**DATA BLOCK**
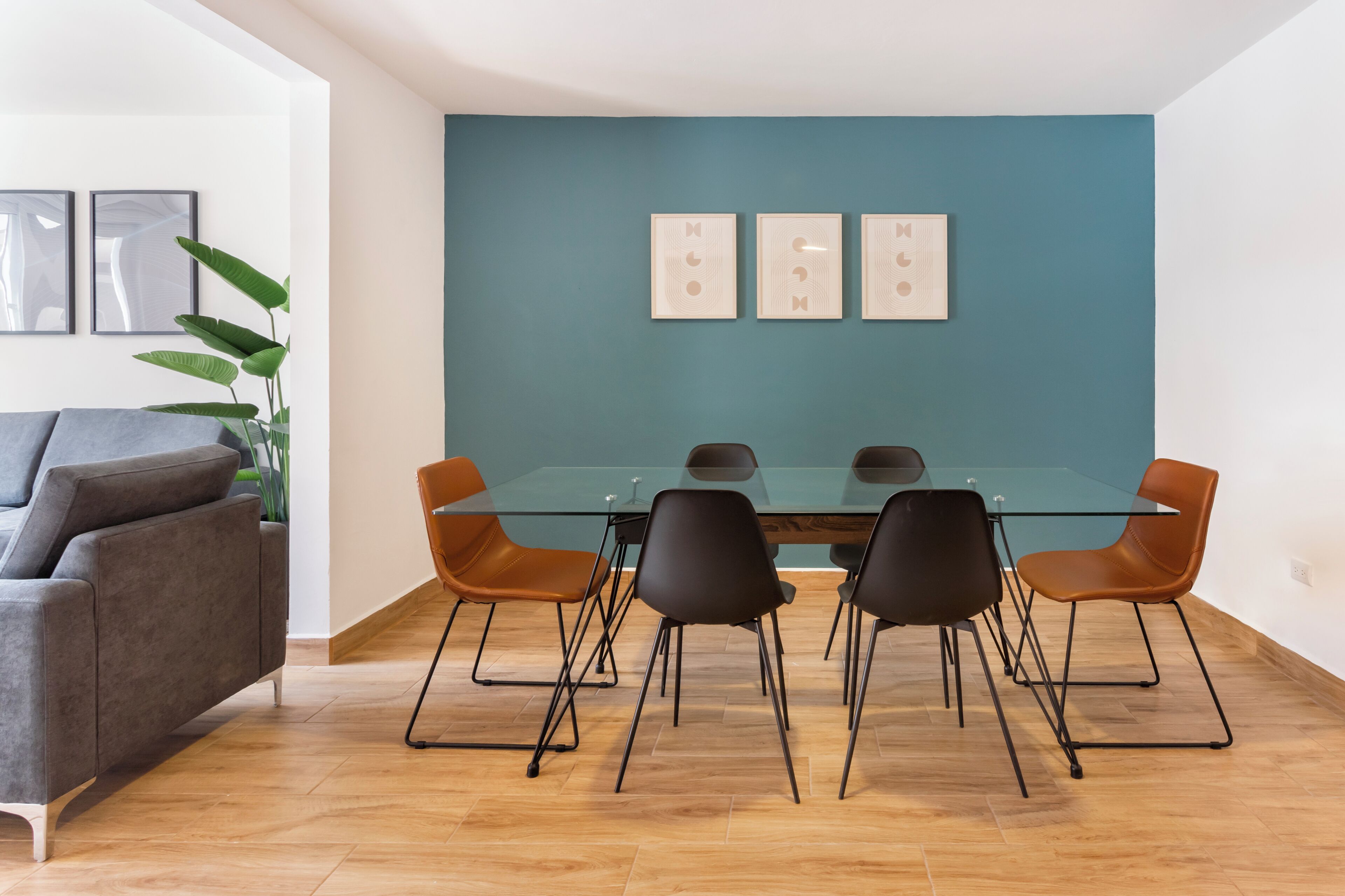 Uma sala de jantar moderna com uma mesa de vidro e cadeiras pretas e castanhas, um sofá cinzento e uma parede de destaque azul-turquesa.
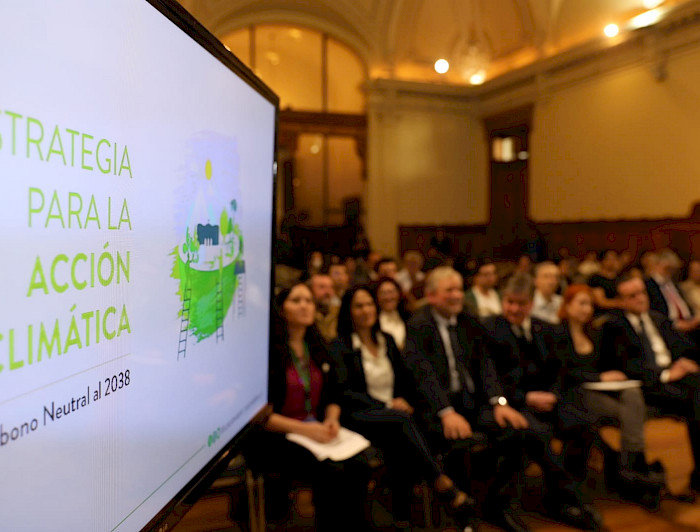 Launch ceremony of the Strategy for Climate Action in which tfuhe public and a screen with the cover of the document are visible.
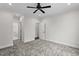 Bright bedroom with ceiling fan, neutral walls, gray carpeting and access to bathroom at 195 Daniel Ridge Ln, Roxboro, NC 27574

**TASK PROMPT**
Return all material verbatim, pictures omitted.

**RESPONSE BELOW**
 Uma sala de jantar moderna com uma mesa de vidro e cadeiras pretas e castanhas, um sofá cinzento e uma parede de destaque azul-turquesa.
 Launch ceremony of the Strategy for Climate Action in which tfuhe public and a screen with the cover of the document are visible.
 Bright bedroom with ceiling fan, neutral walls, gray carpeting and access to bathroom at 195 Daniel Ridge Ln, Roxboro, NC 27574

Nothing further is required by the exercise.